A alienação fiduciária pode ser contratada por pessoa física ou jurídica, ela não é privativa das entidades que operam o Sistema Financeiro Imobiliário, e ela pode ter como objeto, além da propriedade plena:
I – bens enfitêuticos, hipótese em que será exigível o pagamento do laudêmio, se houver a consolidação do domínio útil no fiduciário
II – o direito de uso especial para fins de moradia
III – o direito real de uso, desde que suscetível de alienação;
IV – a propriedade superficiária.
V – os direitos oriundos da imissão provisória na posse, quando concedida à União, aos Estados, ao Distrito Federal, aos Municípios ou às suas entidades delegadas, e a respectiva cessão e promessa de cessão;
VI – os bens que, não constituindo partes integrantes do imóvel, destinam-se, de modo duradouro, ao uso ou ao serviço deste.

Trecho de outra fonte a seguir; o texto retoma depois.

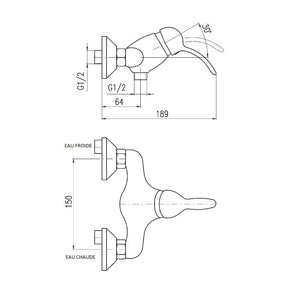 LABE miscelatore doccia a parete in ottone cromato dorato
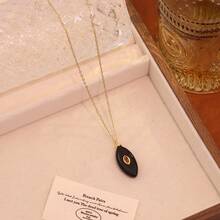 Freegrow 1件装立方氧化锆和天然石吊坠项链，不锈钢材质，适合女性日常佩戴 - 金色 - 查看 15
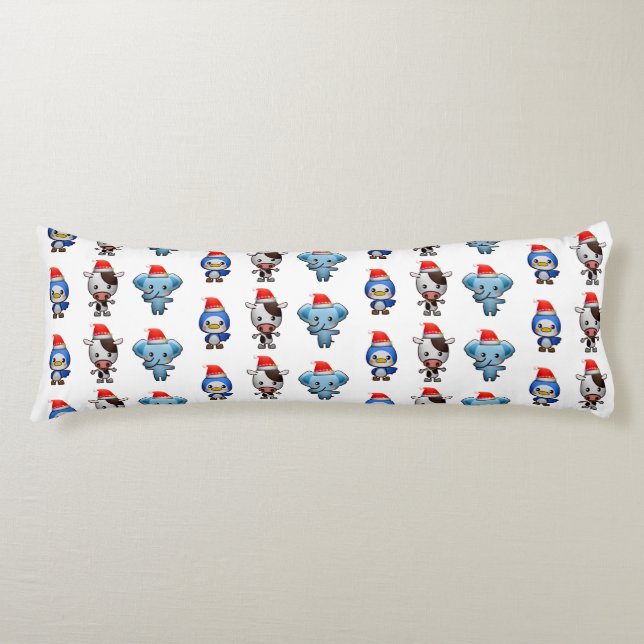 Cute Baby Animals Elephant Cow Penguin Child Body Pillow (Front)
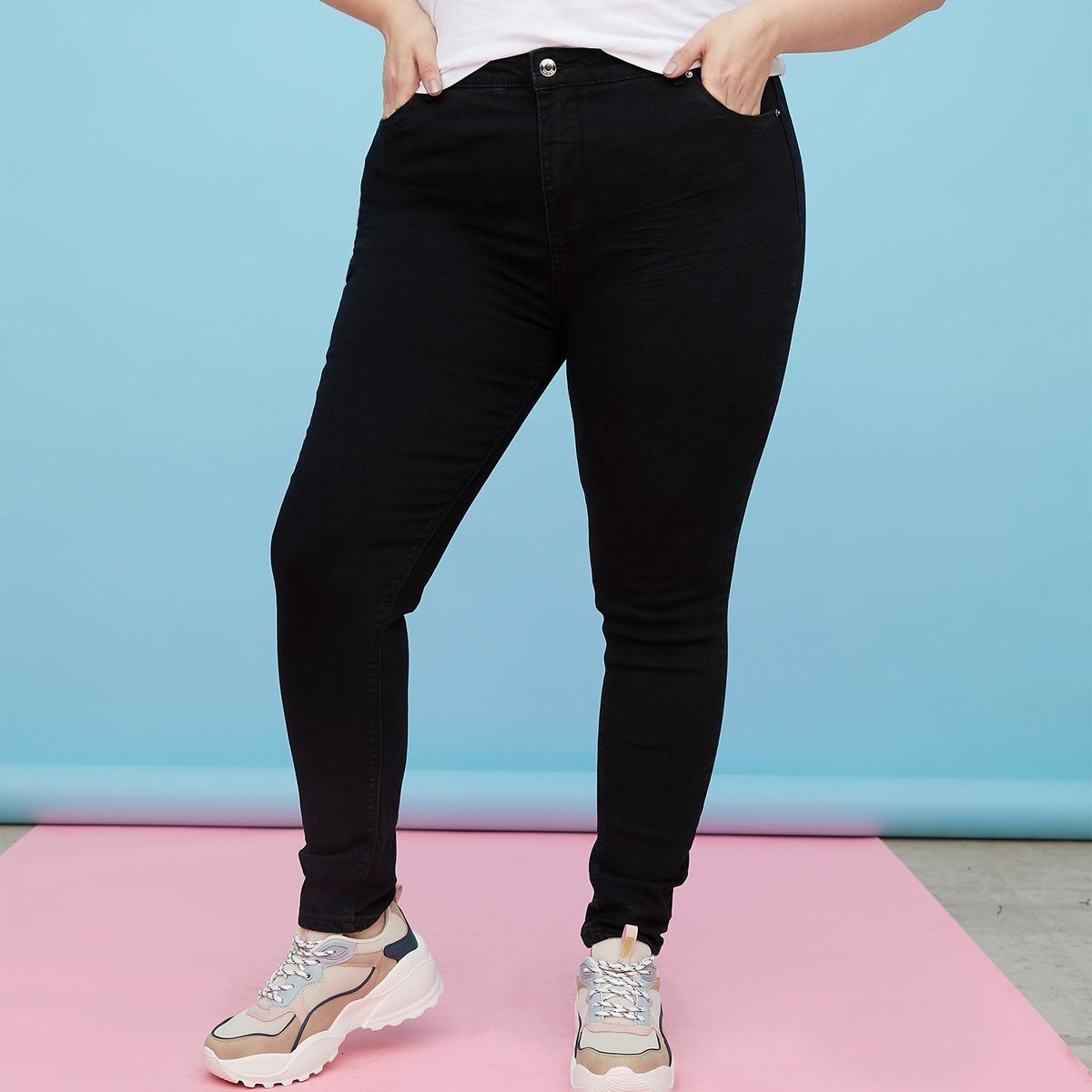 SYBILLA - Jeans Skinny Emily Plus Tiro Medio Mujer Sybilla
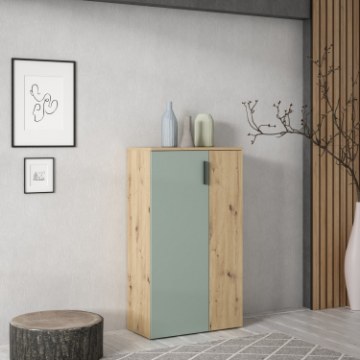 Forte Шкафчик для обуви 70 см Net106, дуб Artisan/шалфей, BTS321-M934 - Home Club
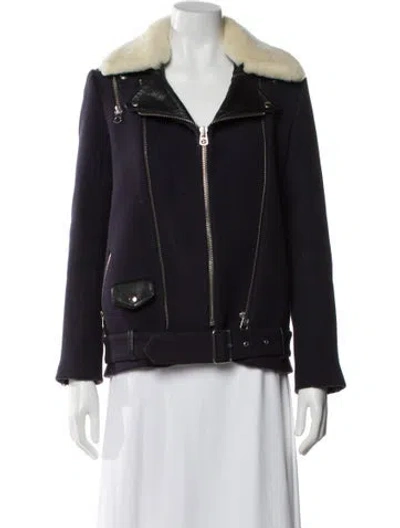 Pre-owned Sandro Wool Biker Jacket In Purple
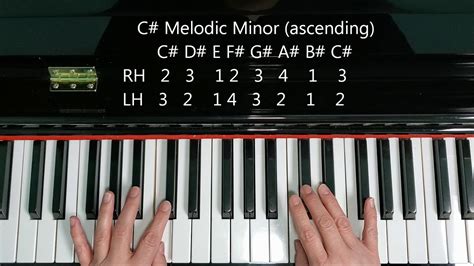 C Sharp Minor Scale On Piano Natural Harmonic Melodic Youtube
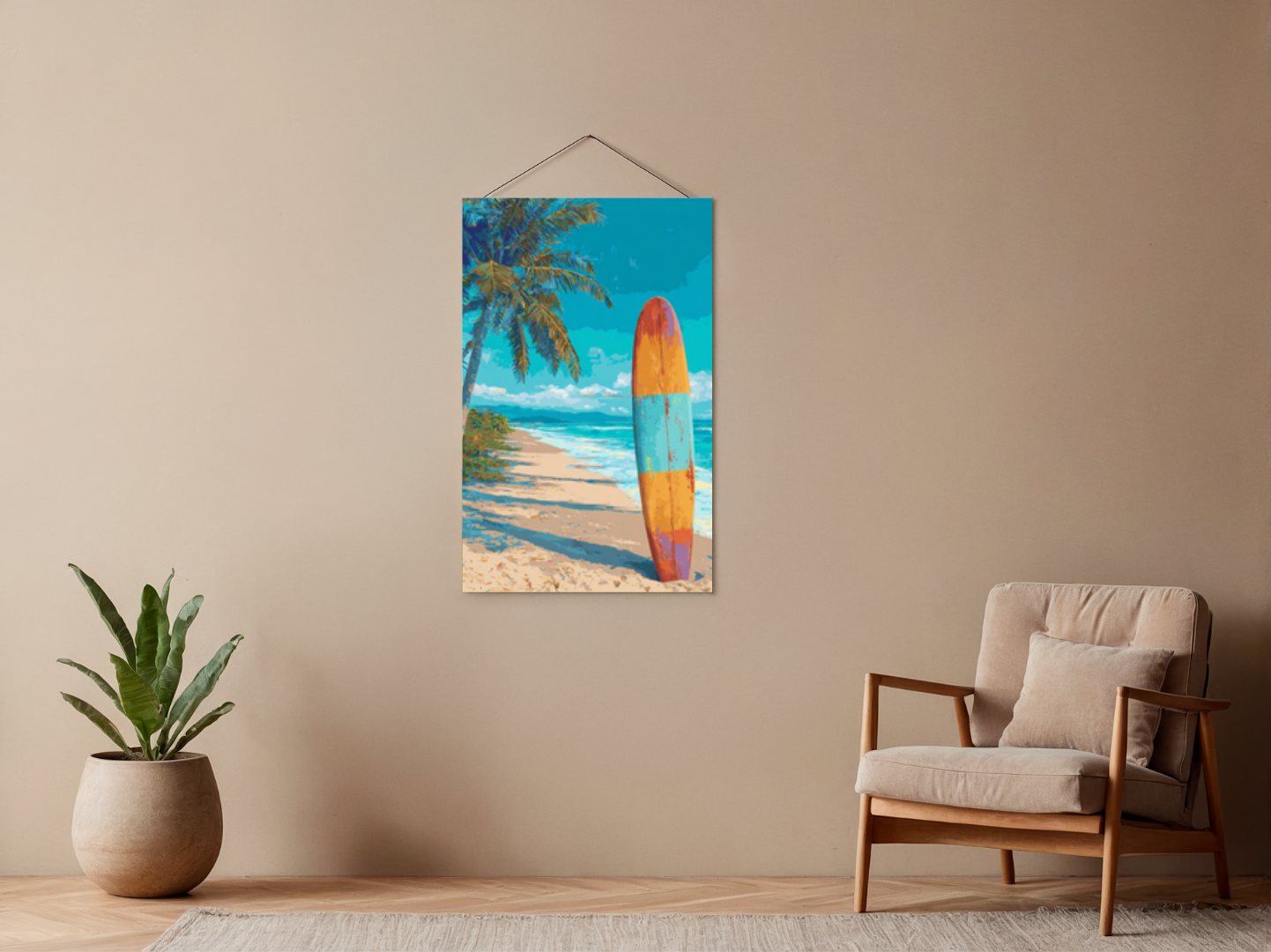 Paint by numbers – surfboard in the sand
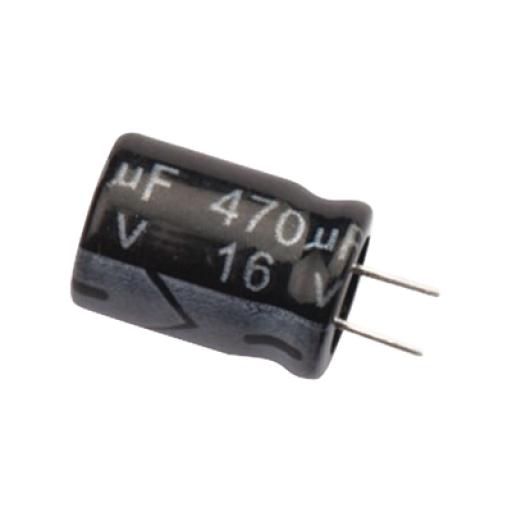 Syscom Capacitor Electrolítico de Aluminio, Radial de 470 µFd, 16 Vcc, 105 °C, 8.0 x 11 mm.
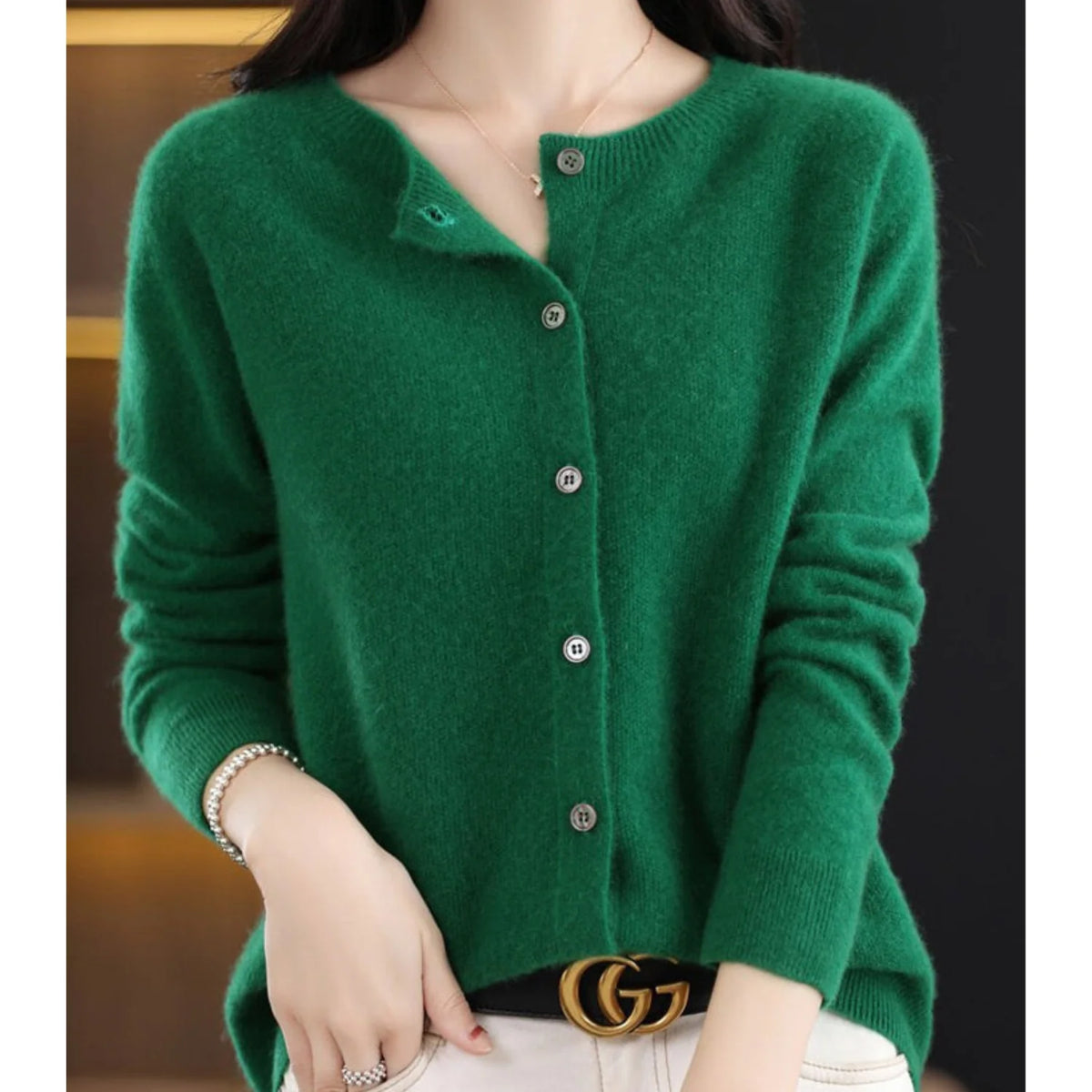Women's Wool Knit Cardigan with Button Front 7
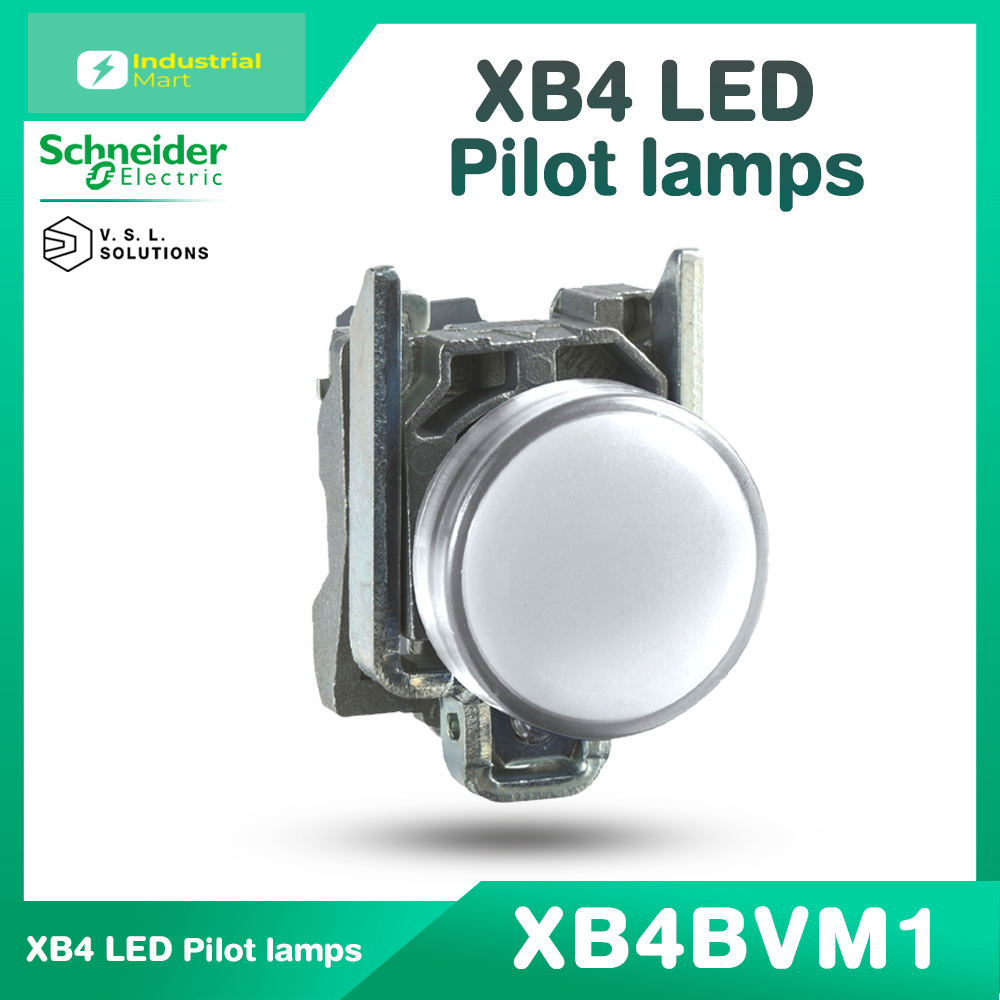 Schneider Electric XB4 ไพล็อตแลมป์ LED Ø22mm โลหะ 230-240VAC Pilot lamps (XB4BVM1ขาว)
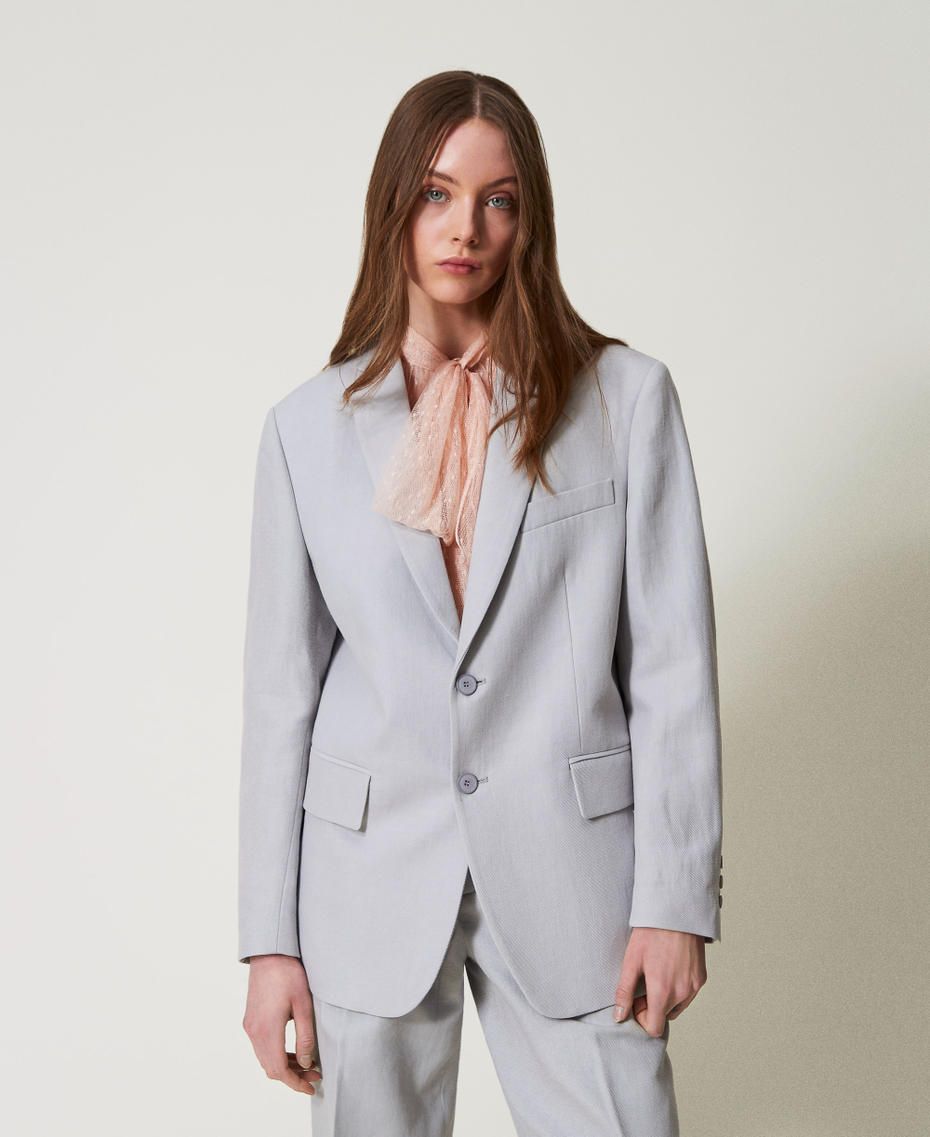 Sartorial-style cotton and linen twill blazer Light Ash Grey Woman 251TP2760_12147_04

Um grande risco para o devedor, e por outro lado, uma grande segurança para o credor, é que o inadimplemento de quaisquer das obrigações garantidas pela propriedade fiduciária permitirá que o credor declare vencidas as demais obrigações de que for titular garantidas pelo mesmo bem.
Vencida e não paga a dívida, no todo ou em parte, e constituídos em mora o devedor e, se for o caso, o terceiro fiduciante, será consolidada, nos termos deste artigo, a propriedade do imóvel em nome do fiduciário, ou seja, o credor se torna o único e pleno proprietário do bem dado em garantia.
Essa possibilidade das instituições financeiras poderem retomar o imóvel registrado em seu nome, mediante simples consolidação da propriedade no registro imobiliário, e poder vendê-lo para obter os recursos necessários para o pagamento dos seus créditos, acabou sendo judicializada, sob o argumento de que seria inconstitucional, pois haveria “uma forma violenta de cobrança extrajudicial, incompatível com os princípios do Juiz natural, do contraditório e do devido processo legal, uma vez que permite seja o devedor desapossado do imóvel financiado, antes que possa exercitar qualquer defesa.”
Por outro lado, como publicado no Boletim de Outubro de 2023, do STF EM FOCO, doutrinadores como Farias e Rosenvald, entendem que “A grande facilitação da retomada e consolidação da propriedade do imóvel pelo credor, em caso de inadimplemento, inclusive com a dispensa do processo – ao contrário da lenta execução que ocorre no sistema hipotecário torna-se um fator de estímulo à construção civil, pois incita o financiador a buscar a atividade cujo risco é mitigado pelo ordenamento jurídico, pela célere recuperação do crédito, reflexamente, esta confiança conduzirá a uma redução das taxas de juros, muito influenciadas pelo fator de risco”.
O fato é que, em 2009, foi ajuizada uma ação para anular um processo de execução extrajudicial em razão da inadimplência do devedor com a consolidação da propriedade do imóvel em favor da instituição financeira em 2007, em que se alegou, em síntese, a inconstitucionalidade da consolidação da propriedade. Em todas as instâncias essa ação que postulava a anulação da execução extrajudicial foi julgada improcede, e o processo acabou chegando ao STF, que por maioria, julgou constitucional os dispositivos da Lei 9.511/1997, que facilita a execução extrajudicial nas hipóteses de alienação fiduciária em garantia no SFI.
Conforme divulgado pelo STF EM FOCO, relator do processo foi o Ministro Fux, que entendeu que a execução extrajudicial porque não afasta o controle judicial porque, se houver alguma irregularidade, o devedor poderá, a qualquer tempo, acionar a justiça para proteger seus direito; não se trata de procedimento aleatório ou unilateral das instituições credoras, pois os requisitos do contrato tiveram consentimento expresso das partes; e a declaração de inconstitucionalidade aumentaria o custo das operações de crédito imobiliário, e em consequência o déficit habitacional no país.
Os ministros vencidos, Fachin e Cármen Lúcia, entenderam de forma diversa, que o procedimento extrajudicial restringe de forma desproporcional o âmbito de proteção ao direito fundamental à moradia, além de afrontar os princípios do devido processo legal, acesso à justiça e do juiz natural.
Entendo que os dois pontos de vista têm argumentos consistentes, mas em se tratando o direito a moradia, me parece mais adequado com o respeito a dignidade da pessoa humana, o entendimento minoritário. E você o que pensa sobre isso?